══ Available data ══
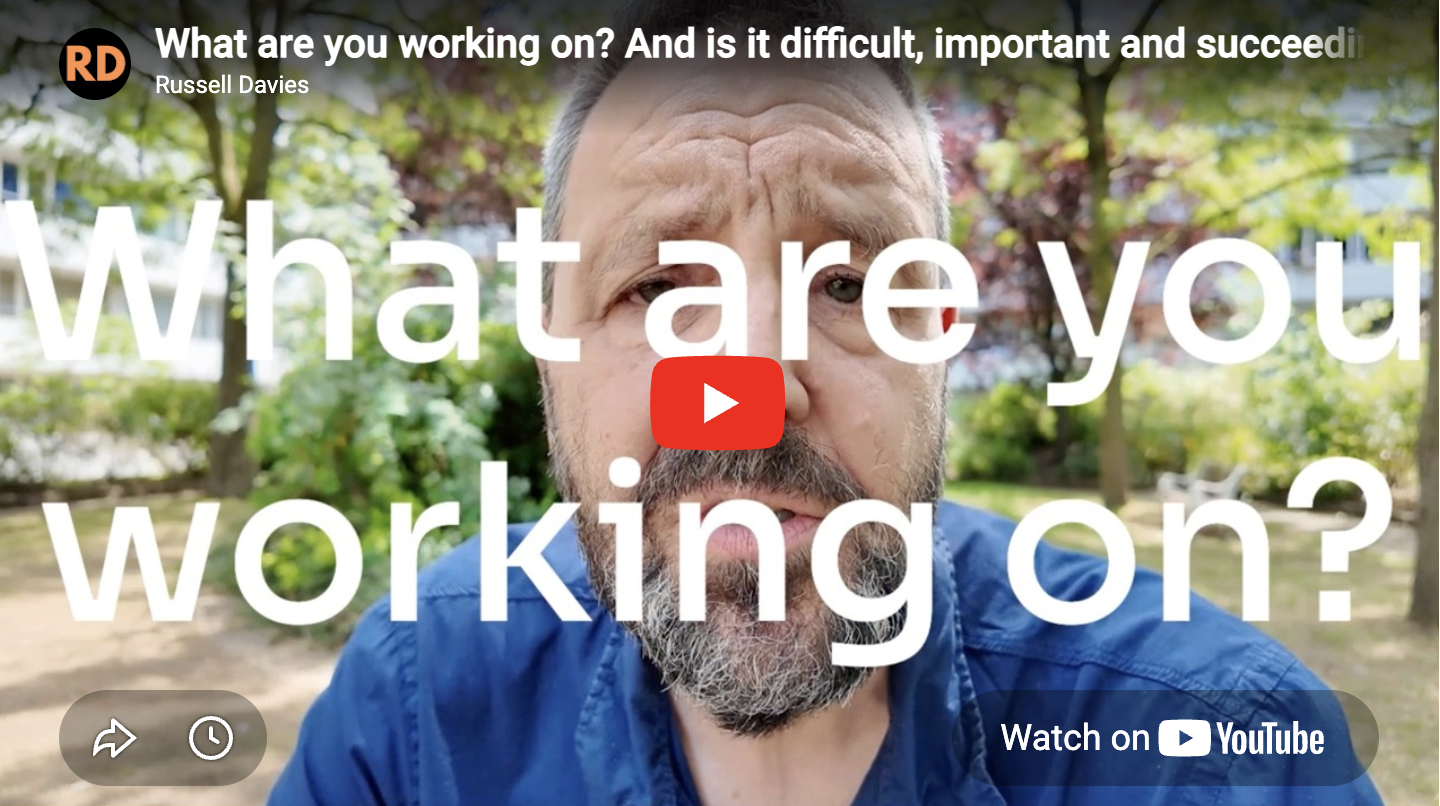 YouTube preview of Russell Davies' video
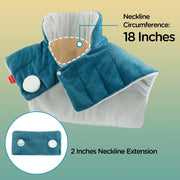 Comfytemp Weighted Heating Pad, Large 19x23 in, 2.6lb Electric Heat Wrap for Neck, Shoulders, and Back, 9 Heat Settings, 11 Timer Options, Soft Flannel, Machine-Washable, K9015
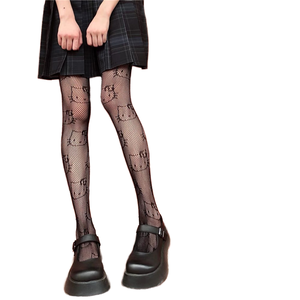 Estivi Sexy <span class=keywords><strong>calze</strong></span> <span class=keywords><strong>a</strong></span> <span class=keywords><strong>rete</strong></span> <span class=keywords><strong>nere</strong></span> Punk Hot Girl sottocultura strappata collant <span class=keywords><strong>a</strong></span> fondo <span class=keywords><strong>a</strong></span> maglia metodo di tessitura - Product Image 1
═══
*Work instructions:*
Emit an exact copy of the lines from the line bearing "Comfytemp Weighted Heating" through the last line above, inclusive, and leave the images out.

*Exercise solution:*
 Comfytemp Weighted Heating Pad, Large 19x23 in, 2.6lb Electric Heat Wrap for Neck, Shoulders, and Back, 9 Heat Settings, 11 Timer Options, Soft Flannel, Machine-Washable, K9015
 Estivi Sexy <span class=keywords><strong>calze</strong></span> <span class=keywords><strong>a</strong></span> <span class=keywords><strong>rete</strong></span> <span class=keywords><strong>nere</strong></span> Punk Hot Girl sottocultura strappata collant <span class=keywords><strong>a</strong></span> fondo <span class=keywords><strong>a</strong></span> maglia metodo di tessitura - Product Image 1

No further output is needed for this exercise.